On April 23, researchers at Chalmers University and the Volvo Group posted an updated preprint that drew a careful line between what AI can do in software engineering today and what's still an empty whiteboard. The line is coordination.
The paper, The Semi-Executable Stack, organizes AI's expanding role in software engineering into six concentric rings. Code sits at the center. Around it: prompts and specifications, orchestrated multi-agent workflows, safety guardrails, organizational decision routines, and outermost, regulatory fit. Rings one through four have methods. Rings five and six — the organizational and governance layers — have zero. That part is not new. What the April 23 update confirmed is something the field has been circling without naming: the unlock is not the agents. It is the coordination layer between them.
At Volvo, two systems sit on opposite sides of that gap. GoNoGo handles software release decisions by routing them across specialized AI agents — one handles the analysis, another applies safety checks, a third manages the approval workflow — and escalates anything complex to a human. For routine releases, it works without human involvement. In a live pilot, it saves roughly two hours per decision, according to Volvo-reported production data. The researchers cite it as the clearest example of ring three work — orchestrated multi-agent workflows — actually deployed.
The other case is more revealing precisely because it did not ship. SPAPI-Tester is a tool that automates testing for automotive APIs. At Volvo it ran across 193 newly developed APIs and found 23 failures — 22 confirmed implementation bugs and one documentation parsing issue. The bugs were real. The system replaced the two to three full-time engineers a team would otherwise need for that work. This is ring three and ring four territory: orchestrated execution and control systems. It works. But these APIs had not reached production — the result is in a different category than GoNoGo's measured deployment.
The coordination infrastructure is the part that does not get demoed at conferences. It is unglamorous. It is the plumbing between the agents: how decisions get routed, how safety checks attach to a workflow, how a human stays in the loop for anything that matters. That plumbing is what Volvo built, and it is what the rest of the field has not.

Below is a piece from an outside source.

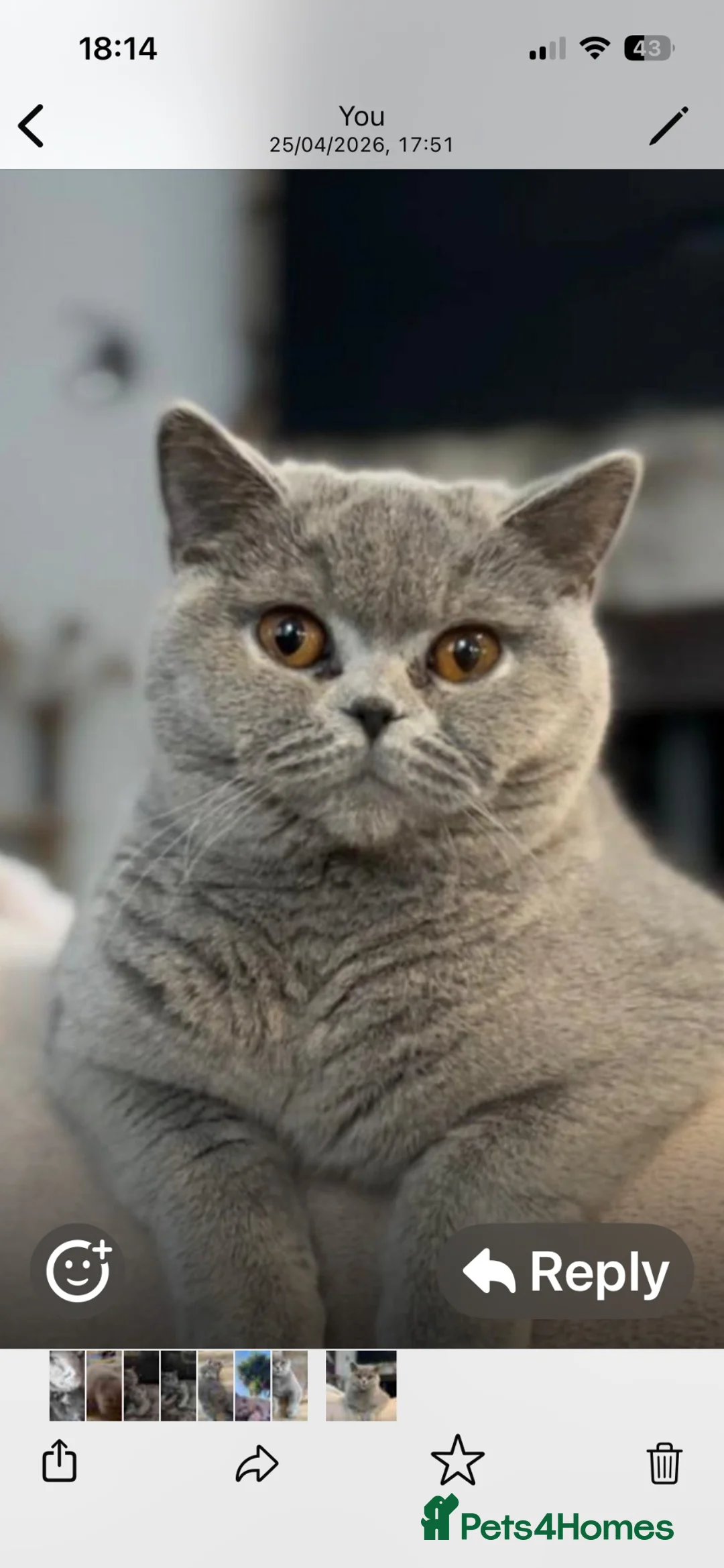 British Shorthair cats for sale: Beautiful British Blue  - Advert 1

The "empty whiteboard" the researchers describe for rings five and six — organizational decision routines and institutional fit — is not an abstract gap. It is the gap between what regulators can now demand under the EU AI Act and what engineering exists to answer. A regulator can ask whether your agentic system will stay coherent under real governance requirements. There is no method to demonstrate that. The EU AI Act arrived before the engineering to comply with it did.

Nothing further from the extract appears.